#reinforcement_learning

GPT-3

paper: arXiv

This is a 175b-parameter language model (117x larger than GPT-2). It doesn’t use SOTA architecture (the architecture is from 2018: 96 transfomer layers with 96 attention heads (see [[transformers]])1 The self-attention somehow encodes the relative position of the words (using some trigonometric functions?).), is trained on a few different text corpora, including CommonCrawl (i.e. random internet html text dump), wikipedia, and books,2 The way they determine the pertinence/weight of a source is by upvotes on Reddit. Not sure how I feel about that. and follows the principle of language modelling (unidirectional prediction of next text token).3 So, not bi-directional as is the case for the likes of #BERT. A nice way to think of BERT is a denoising auto-encoder: you feed it sentences but hide some fraction of the words, †and BERT has to guess those words. And yet, it’s able to be surprisingly general purpose and is able to perform surprisingly well on a wide range of tasks (examples curated below).

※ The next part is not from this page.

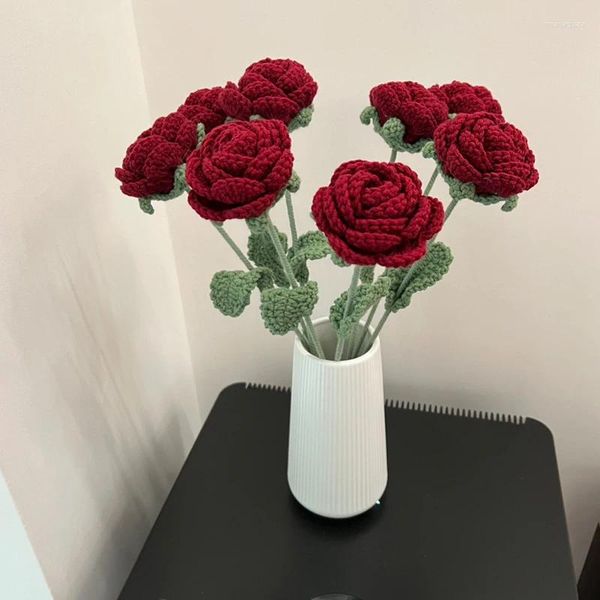 Flores decorativas 1 pieza Festival decorar para novia tejido a mano flor falsa tejido vino rojo rosa tejido Diy mesa para el hogar creativo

It turns out that GPT-2 required things to be fine-tuned in order to be able to be applied to various tasks. In the spirit of [[transfer-learning]], the GPT-2 can be thought of the base model, and then for a given task (with training data), you then train on that specific dataset.

GPT-3 no longer requires this fine-tuning step, which is a big deal. The way it works now is that you give it some samples/examples, and then start interacting with it. In fact, that’s it. The idea is that you’re basically populating the context window (which is 2048 tokens), and then letting the model do its thing. That’s basically the extent of the fine-tuning.

They use this window to differentiate between different levels of \(n\)-shot learning. So, zero-shot learning is when you don’t provide any examples of question/answer pairs, one-shot is one example, and few-shot is ~10 examples (that enable you to fill up the context window). They show improved performance as you go from zero to one to few.

So what’s going on here?

Language models are an incredibly simple paradigm: guess the next word in a sequence. Its simplicity, however, belies the level of complexity required to achieve such a task. It’s also a little different from our typical supervised paradigm, as there is no truth (i.e. there is no such thing as a prefect predictor of text/speech). What you want is to create a language model that is indistinguishable from humans (i.e. the Turing test).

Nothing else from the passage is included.